O presidente do Benfica, digo eu, deveria talvez meditar nas razões pelas quais o seu antecessor Borges Coutinho foi campeão da Europa e pôs o país inteiro a admirar e a respeitar o Benfica. E deveria meditar naquilo que Bobby Robson, um cavalheiro do futebol, disse acerca de José Mourinho, seu antigo discípulo e actual amigo: que, se quer ser respeitado e admirado em Inglaterra, inclusive para benefício do Chelsea, não basta a Mourinho ganhar — tem também de saber ganhar, e, quando for o caso, de saber perder. Om undo inteiro acaba de ver que o Barcelona foi, em dois jogos, melhor equipa que o Chelsea e com um futebol muito mais atractivo. Só Mourinho continuou a insistir que o que fez a diferença foi a expulsão de Del Horno em Stanford Bridge — e mesmo essa, foi ele o único a não reconhecer que tinha sido justa. Independentemente da nossa fatal inclinação para estarmos sempre do lado dos compatriotas no exílio, é forçoso reconhecer que Mourinho se tem posto demasiadas vezes a jeito para levar com a enxurrada de críticas da imprensa inglesa. Certamente que muitas delas são movidas pela inveja ou pela xenofobia, mas também não há dúvida alguma de que os ingleses, alguns pelo menos, não têm o fair play como expressão de circunstância. Quando não se sabe ganhar, quando se confunde orgulho com arrogância, pode-se até ganhar tudo, mas os únicos que hão-de admirar as vitórias são os da própria tribo.

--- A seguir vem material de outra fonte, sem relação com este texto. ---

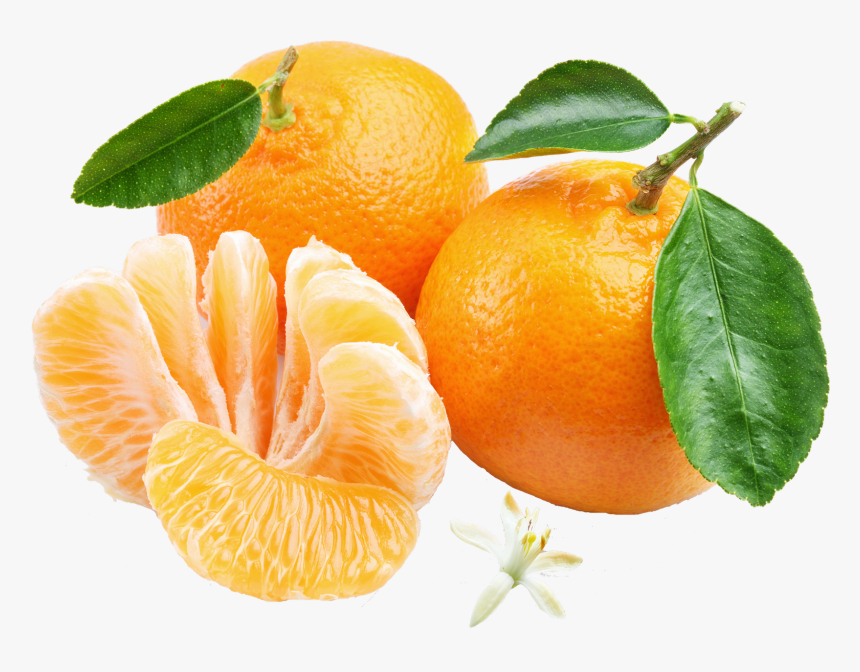 Orange Mandarin Png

2. Numajornada sem nenhum interesse, registei: — o chatíssimo jogo de Setúbal, onde o FC Porto só podia naturalmente vencer;
— a sétima vitória consecutiva do Sporting sobre um Boavista desfalcado e através de mais um jogo sem classe e com discretas, mas importantes, decisões favoráveis da arbitragem (as quais, passam naturalmente em silêncio, por parte dos dirigentes leoninos, sempre prontos a inversamente reclamarem aos gritos, nem que seja um canto mal decidido);
— o habitual e comovente esforço dos comentadores televisivos para desculparem as más exibições do Benfica com pretensos erros de arbitragem, cujo juízo chega a ser despudorado (olha, se fossem eles a arbitrar os jogos do Benfica!);
— a total incapacidade e falta de vontade de jogadores como os da Naval ou Setúbal – apesar de tudo, profissionais da I Liga – de terem o mínimo de cultura de futebol de ataque, com verdadeiro terror de ultrapassar a linha de meio campo e fazendo remates à baliza que envergonhariam qualquer miúdo de liceu. Se é para isto que querem estar na Superliga, mais valia não estarem.»